# Items listed in a dataset
=-=-=-=-=
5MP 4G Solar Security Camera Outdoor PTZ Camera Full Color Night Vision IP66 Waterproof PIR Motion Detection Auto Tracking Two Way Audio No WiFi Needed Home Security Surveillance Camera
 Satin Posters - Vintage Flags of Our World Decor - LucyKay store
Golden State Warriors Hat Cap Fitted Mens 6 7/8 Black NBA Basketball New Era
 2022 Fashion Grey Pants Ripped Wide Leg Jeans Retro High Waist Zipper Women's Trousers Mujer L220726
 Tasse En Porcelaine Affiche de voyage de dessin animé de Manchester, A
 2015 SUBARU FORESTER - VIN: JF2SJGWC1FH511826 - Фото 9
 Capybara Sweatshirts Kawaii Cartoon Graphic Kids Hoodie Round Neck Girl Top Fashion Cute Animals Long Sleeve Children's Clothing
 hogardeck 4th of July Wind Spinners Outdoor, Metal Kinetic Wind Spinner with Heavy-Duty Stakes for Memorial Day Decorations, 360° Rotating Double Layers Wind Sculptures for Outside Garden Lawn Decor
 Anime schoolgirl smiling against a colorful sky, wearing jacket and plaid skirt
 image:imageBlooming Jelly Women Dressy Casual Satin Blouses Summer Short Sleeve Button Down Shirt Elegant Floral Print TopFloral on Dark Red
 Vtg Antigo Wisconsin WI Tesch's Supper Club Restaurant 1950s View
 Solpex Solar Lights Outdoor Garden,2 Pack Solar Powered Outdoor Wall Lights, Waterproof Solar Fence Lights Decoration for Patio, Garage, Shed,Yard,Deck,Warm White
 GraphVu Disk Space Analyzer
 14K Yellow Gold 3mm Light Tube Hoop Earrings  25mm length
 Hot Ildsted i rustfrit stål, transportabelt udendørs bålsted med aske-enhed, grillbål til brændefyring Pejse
=-=-=-=-=
# ACTIVITY
Lines with the word "Sleeve": copy each one from the data above.

# SOLUTION TO THE PROBLEM
 Capybara Sweatshirts Kawaii Cartoon Graphic Kids Hoodie Round Neck Girl Top Fashion Cute Animals Long Sleeve Children's Clothing
 image:imageBlooming Jelly Women Dressy Casual Satin Blouses Summer Short Sleeve Button Down Shirt Elegant Floral Print TopFloral on Dark Red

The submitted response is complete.